Exercise instructions => Each line of the data below from the one holding "Los bomberos alzan" to the one holding "Volkswagen T-Roc 1.5", inclusive, is to be reproduced exactly; no other line belongs in the answer.

Information supplied =>
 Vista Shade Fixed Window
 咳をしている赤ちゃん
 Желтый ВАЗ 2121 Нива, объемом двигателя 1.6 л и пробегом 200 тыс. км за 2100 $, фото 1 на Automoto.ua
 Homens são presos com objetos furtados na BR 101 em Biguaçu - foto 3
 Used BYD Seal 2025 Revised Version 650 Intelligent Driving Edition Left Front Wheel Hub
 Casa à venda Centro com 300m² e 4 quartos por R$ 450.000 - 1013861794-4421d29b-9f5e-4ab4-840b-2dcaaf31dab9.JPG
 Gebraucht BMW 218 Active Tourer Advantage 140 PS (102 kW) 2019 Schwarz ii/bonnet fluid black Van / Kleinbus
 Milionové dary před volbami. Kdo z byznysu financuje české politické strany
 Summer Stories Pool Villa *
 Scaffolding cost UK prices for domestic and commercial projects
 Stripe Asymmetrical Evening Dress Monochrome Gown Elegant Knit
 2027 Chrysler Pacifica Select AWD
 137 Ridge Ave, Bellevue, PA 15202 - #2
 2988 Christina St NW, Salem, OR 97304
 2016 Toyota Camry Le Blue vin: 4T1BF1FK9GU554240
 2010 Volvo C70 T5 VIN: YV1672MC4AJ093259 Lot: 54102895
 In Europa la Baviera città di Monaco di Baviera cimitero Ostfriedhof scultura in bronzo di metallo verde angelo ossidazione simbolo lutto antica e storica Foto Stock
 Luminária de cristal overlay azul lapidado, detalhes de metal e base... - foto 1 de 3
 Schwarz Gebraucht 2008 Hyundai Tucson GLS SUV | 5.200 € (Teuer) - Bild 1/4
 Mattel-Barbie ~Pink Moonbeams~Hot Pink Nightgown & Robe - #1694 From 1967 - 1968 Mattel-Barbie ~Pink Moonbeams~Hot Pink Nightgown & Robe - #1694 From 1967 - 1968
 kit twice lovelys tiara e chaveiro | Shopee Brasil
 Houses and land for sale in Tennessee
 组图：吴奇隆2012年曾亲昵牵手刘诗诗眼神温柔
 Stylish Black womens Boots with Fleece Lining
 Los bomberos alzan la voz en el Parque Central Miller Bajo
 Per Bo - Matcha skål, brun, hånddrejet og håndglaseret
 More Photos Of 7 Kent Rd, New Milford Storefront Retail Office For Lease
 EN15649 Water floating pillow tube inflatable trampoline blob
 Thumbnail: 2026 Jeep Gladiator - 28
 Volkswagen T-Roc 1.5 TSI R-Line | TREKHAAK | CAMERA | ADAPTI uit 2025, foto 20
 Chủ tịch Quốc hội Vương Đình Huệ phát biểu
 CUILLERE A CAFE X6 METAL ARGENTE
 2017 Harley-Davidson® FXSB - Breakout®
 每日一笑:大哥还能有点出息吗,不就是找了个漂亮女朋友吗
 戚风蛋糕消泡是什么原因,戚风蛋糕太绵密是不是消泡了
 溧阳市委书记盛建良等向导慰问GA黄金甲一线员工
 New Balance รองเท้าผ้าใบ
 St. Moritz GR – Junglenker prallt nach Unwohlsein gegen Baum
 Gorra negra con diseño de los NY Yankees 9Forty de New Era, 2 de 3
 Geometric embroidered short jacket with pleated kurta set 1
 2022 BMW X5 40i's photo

Response =>
 Los bomberos alzan la voz en el Parque Central Miller Bajo
 Per Bo - Matcha skål, brun, hånddrejet og håndglaseret
 More Photos Of 7 Kent Rd, New Milford Storefront Retail Office For Lease
 EN15649 Water floating pillow tube inflatable trampoline blob
 Thumbnail: 2026 Jeep Gladiator - 28
 Volkswagen T-Roc 1.5 TSI R-Line | TREKHAAK | CAMERA | ADAPTI uit 2025, foto 20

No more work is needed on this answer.